House churches are normally led by volunteers and meet for participatory meetings which involve prayer, worship, the word, and outreach. Food and fellowship are also important elements.

Simple order of meeting

There is no set order for house church meetings. One well-known house church leader suggests using five Ws (Welcome, Worship, Word, Works, and Witness) as one possibility. Yet, most house churches have an open, participatory style with no one single order in mind.

Even when there is a more directive teaching given by the leader or one of the members, there is always plenty of time for group discussion and response to the message. The goal is to have all those present to practice their spiritual gifts. Most would agree that although certain elements may be pre-planned, there is freedom to follow the Holy Spirit, if He changes those plans.

It’s common in house churches to celebrate the Lord’s supper as a full meal. This often takes place at the start or end of the house church meeting, but may take place on an entirely different day. House churches point back to Acts 2:46 where the believers broke bread from house to house. Celebrating the Lord’s supper as a meal can be seen in 1 Corinthians 11: 20-26, where Paul talked about participating in an actual meal.

Different Sizes

In the past, I described a house church as a community of twenty to forty people who met together on a weekly basis but were more or less independent of other house churches.

More recently, there’s been a new emphasis in the house church movement. A new version of the house church promotes smaller-sized house churches. Wolfgang Simson, for example, teaches that many house churches today have between eight to fifteen members, and typically multiply every six to nine months.

Rad Zdero wrote a book called The Global House Church Movement. He himself planted a house church network in Canada. He writes,

House churches should not grow too large before they decide to multiply. Otherwise, the loss of intimacy, openness, and interaction will eventually compromise the group’s attractiveness and plateau the numbers. Currently around the globe, explosive Christian conversion growth from church planting movement is characterized by the reproduction of multiplying house churches and cell groups of no more than 10-30 people.

Networking the house churches

Many have criticized the “independence” of the house church movement—myself included. It’s been refreshing to hear many house church authors making the same criticism. Many house church proponents today promote the need for house churches to network with other house churches.

Networks can function in different ways. They may be highly informal, connected only by an occasional joint gathering or special times to share ideas with one another. Or, they may be formally networked together as “sister” churches that function with common goals and projects. Larry Kreider writes, “They are called house churches because each one functions as a little church. They are networks because they work together to foster accountability and encouragement.”

Conclusion

Those in the house church movement long to return to New Testament Christianity. Many in the movement are fed up with the modern day version of Christianity that emphasizes crowds, church buildings, and unnatural hierarchies.
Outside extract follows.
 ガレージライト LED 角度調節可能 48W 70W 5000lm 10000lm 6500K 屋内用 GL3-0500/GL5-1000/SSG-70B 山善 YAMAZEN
They desire to go back to the values of simplicity and the priesthood of all believers, just like the early church. And houses churches are well-positioned to meet this need. They thrive without money or traditional hierarchy to make things happen.

It’s also refreshing to note that many in the house church movement feel the need to network with other house churches, rather than functioning independently. The movement has also begun to emphasize smaller sized house churches, realizing that community can easily be lost when the group grows too large.

God is using many vehicles to get the job done before his second coming and one of those important strategies is the house church movement.